Computational efficiency: Eclass trained all 12 algorithms across 1,000 Monte Carlo iterations in approximately 150 seconds. By contrast, the CNN comparison model (based on ResNet-50 with ImageNet-pretrained weights and binary classification output layers) trained for only 10 cross-validation runs in 52 hours on an Nvidia Quadro M5000 GPU. This represents a roughly 1,200-fold speed advantage for Eclass, although the approximately 3 hours required for IBC extraction is not included in that comparison. The CNN used standard augmentation (flip, zoom, rotate), minority class oversampling, pixel normalization (zero mean, unit standard deviation), and test-time augmentation with majority voting across 5 augmented versions.

The study design was double-blinded: dermoscopy images were randomized and stripped of all patient identifiers before being injected into the algorithm pipeline. No clinical metadata (age, sex, anatomical location, sun damage) was used. The gold standard for each lesion was the histopathological diagnosis obtained from surgical excision biopsy performed as part of routine clinical care.

TL;DR: Eclass combined 12 different ML algorithms (from KNN to random forests to SVMs) via median probability voting across 1,000 Monte Carlo iterations. Training took 150 seconds versus 52 hours for a ResNet-50 CNN doing only 10 runs. The study was double-blinded with histopathology as the gold standard, and no patient metadata was used.

Results

Pages 9-10

Eclass Outperformed CNN 75% of the Time on Challenging Dysplastic Nevi

On the Barcelona validation set (Validation Set 1), Eclass achieved a mean AUROC of 0.71 +/- 0.07 with a 95% confidence interval of [0.56, 0.85]. The CNN achieved a mean AUROC of 0.67 with a 95% confidence interval of [0.63, 0.71]. In a Monte Carlo comparison that randomly drew ROCs from the 10 CNN runs and the 1,000 Eclass runs, Eclass produced a higher AUROC 74.88% of the time.

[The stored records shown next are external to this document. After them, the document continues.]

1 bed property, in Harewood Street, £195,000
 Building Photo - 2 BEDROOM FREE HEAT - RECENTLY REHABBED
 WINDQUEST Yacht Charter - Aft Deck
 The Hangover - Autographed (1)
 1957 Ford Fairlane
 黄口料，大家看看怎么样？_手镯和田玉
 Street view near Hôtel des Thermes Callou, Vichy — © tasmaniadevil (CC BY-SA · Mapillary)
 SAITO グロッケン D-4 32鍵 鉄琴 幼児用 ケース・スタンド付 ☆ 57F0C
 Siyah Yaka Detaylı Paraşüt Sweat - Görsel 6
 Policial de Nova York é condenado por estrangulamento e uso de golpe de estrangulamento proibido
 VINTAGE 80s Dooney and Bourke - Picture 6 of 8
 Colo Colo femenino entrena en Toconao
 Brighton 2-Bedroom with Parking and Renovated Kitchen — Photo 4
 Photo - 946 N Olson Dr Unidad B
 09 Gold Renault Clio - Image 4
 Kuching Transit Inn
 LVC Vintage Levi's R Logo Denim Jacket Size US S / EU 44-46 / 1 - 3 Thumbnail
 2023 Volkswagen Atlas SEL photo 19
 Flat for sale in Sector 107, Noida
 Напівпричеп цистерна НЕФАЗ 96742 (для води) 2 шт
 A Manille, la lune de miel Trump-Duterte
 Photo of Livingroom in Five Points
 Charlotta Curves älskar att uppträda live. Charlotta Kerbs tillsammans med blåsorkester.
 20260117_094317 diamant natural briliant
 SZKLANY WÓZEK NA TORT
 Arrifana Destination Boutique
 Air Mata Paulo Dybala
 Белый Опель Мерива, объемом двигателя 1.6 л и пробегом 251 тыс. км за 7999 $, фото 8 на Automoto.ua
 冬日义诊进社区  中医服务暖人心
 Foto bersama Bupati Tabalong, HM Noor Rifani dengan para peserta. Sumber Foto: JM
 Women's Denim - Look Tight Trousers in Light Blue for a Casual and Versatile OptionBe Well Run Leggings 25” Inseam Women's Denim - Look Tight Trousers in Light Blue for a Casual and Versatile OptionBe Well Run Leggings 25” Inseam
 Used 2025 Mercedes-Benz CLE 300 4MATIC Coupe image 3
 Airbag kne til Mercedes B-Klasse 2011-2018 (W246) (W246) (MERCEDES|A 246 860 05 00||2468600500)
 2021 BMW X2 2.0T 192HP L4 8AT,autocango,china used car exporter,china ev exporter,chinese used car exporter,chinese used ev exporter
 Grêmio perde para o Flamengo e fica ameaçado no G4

While neither model reached the 0.91 AUROC published in prior melanoma detection studies using larger datasets, the authors emphasize that their cohort was deliberately more challenging because all nevi in the study were clinically dysplastic (atypical), meaning they had already been flagged as suspicious enough to warrant biopsy.

Why the AUROCs are lower than published benchmarks: The study cohort excluded obviously benign lesions. Every nevus in the dataset was one that a clinician had judged sufficiently suspicious to excise, so the melanoma-versus-nevus discrimination task was inherently harder than studies that include clearly benign moles. The authors note that performance for both models would likely improve with larger training sets that include a wider spectrum of lesion presentations.

The C5.0 decision tree stood out: Although the median-based ensemble approach defined the Eclass score, the C5.0 decision tree alone outperformed the full ensemble at high sensitivity, yielding 98% sensitivity with 44% specificity on the originally published dataset. The C5.0 tree used branching logic based on just 10 IBCs: 4 from the blue channel (B1, B6, B7, B15), 5 from the red channel (R4, R6, R8, R12, R13), and 1 multicolor (MC1). The tree had 10 decision nodes, 11 terminal nodes, and 7 of those terminal nodes were "pure" (100% melanoma or 100% nevi prevalence). Two nodes alone (#4 and #20) contained 59.8% of all lesions and perfectly discriminated nevi from melanoma.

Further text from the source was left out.